### Instructions to follow
Reproduce the lines below exactly, from the one containing "Bare Square Neck" through the one containing "2種類セット　クーリア　ボン", both included. Leave out any pictures.

### Data to process
━━━━━━━━━━━━━━━━━━━━━━━━━━━━━━
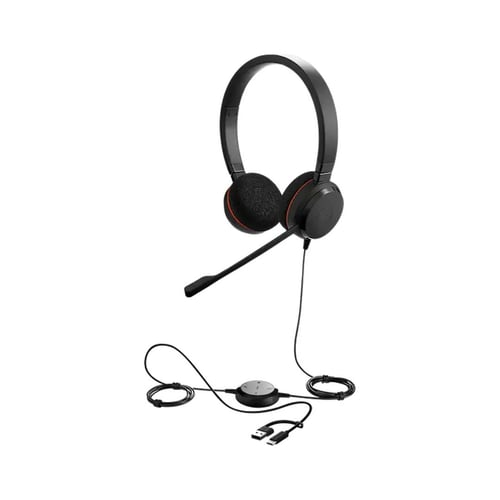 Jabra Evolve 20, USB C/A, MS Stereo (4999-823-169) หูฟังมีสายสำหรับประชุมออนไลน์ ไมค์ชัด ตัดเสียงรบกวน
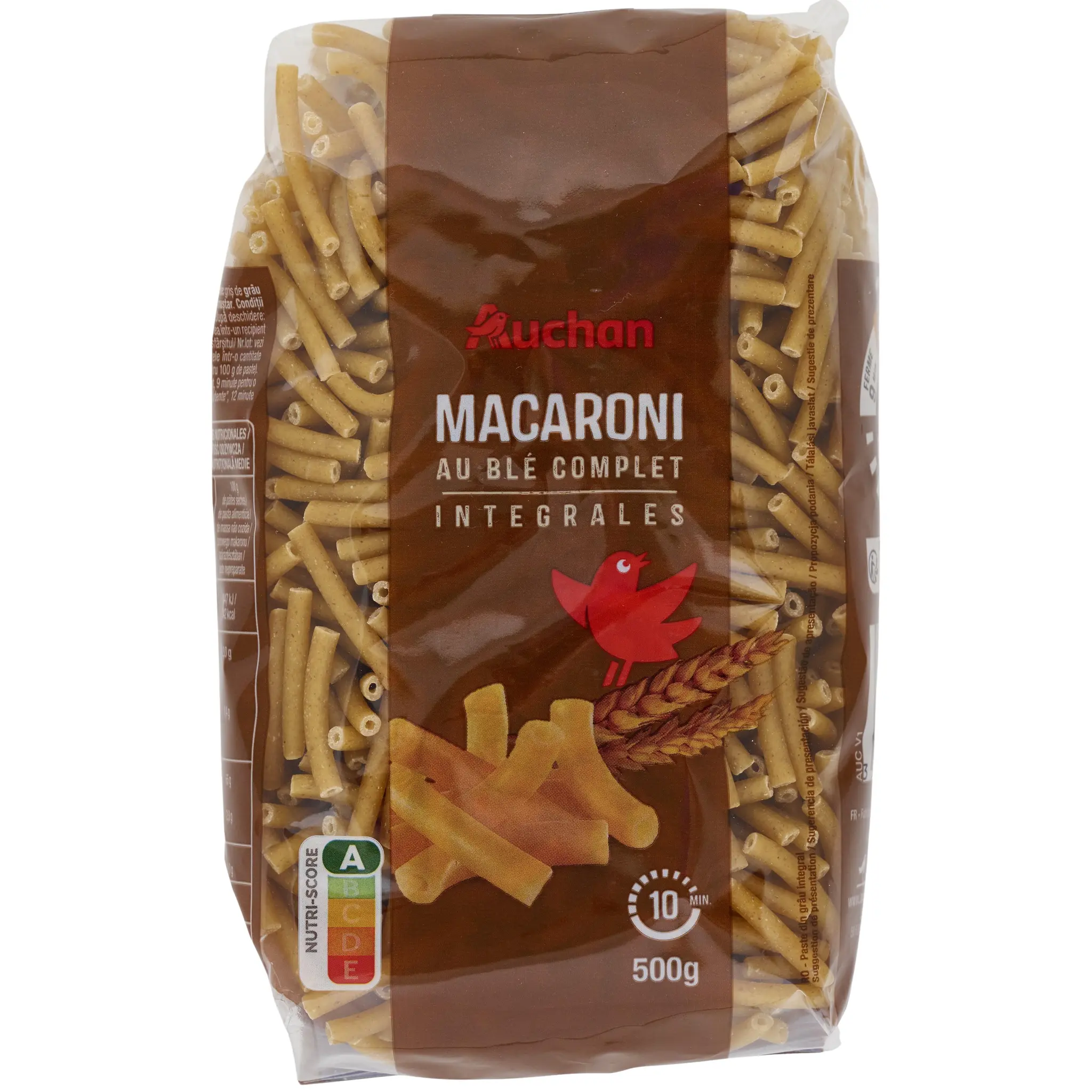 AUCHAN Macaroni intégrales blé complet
━━━━━━━━━━━━━━━━━━━━━━━━━━━━━━
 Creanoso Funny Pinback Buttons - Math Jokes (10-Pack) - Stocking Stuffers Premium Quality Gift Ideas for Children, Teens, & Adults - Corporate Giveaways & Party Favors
━━━━━━━━━━━━━━━━━━━━━━━━━━━━━━
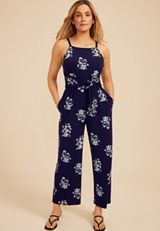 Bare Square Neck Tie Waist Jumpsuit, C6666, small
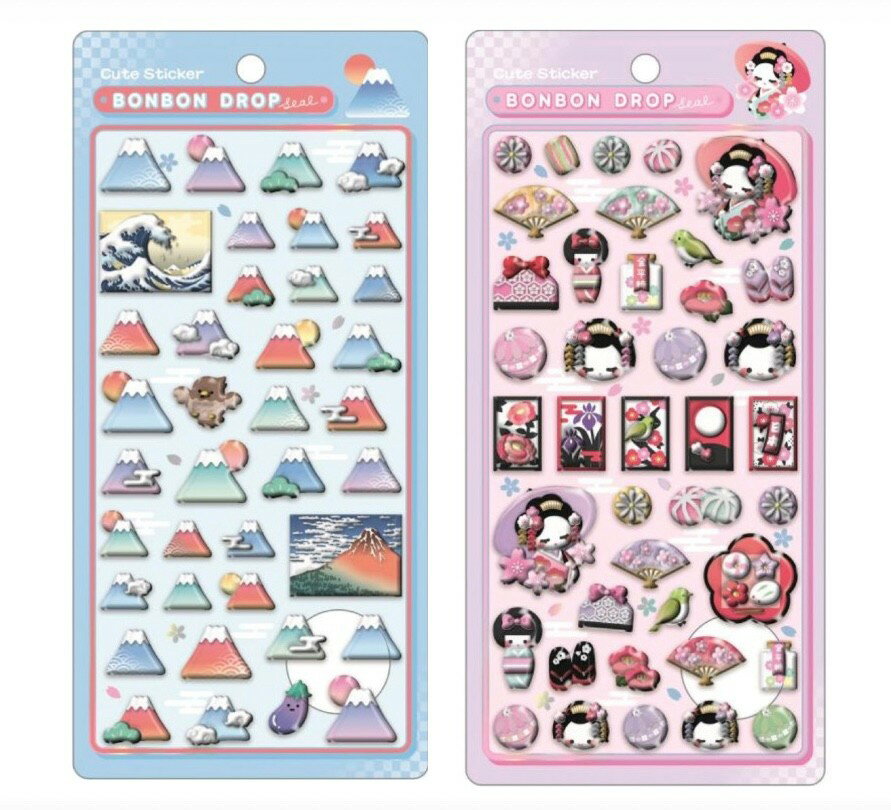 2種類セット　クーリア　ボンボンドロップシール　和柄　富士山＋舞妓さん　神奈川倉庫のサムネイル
━━━━━━━━━━━━━━━━━━━━━━━━━━━━━━
### Output
 Bare Square Neck Tie Waist Jumpsuit, C6666, small
 2種類セット　クーリア　ボンボンドロップシール　和柄　富士山＋舞妓さん　神奈川倉庫のサムネイル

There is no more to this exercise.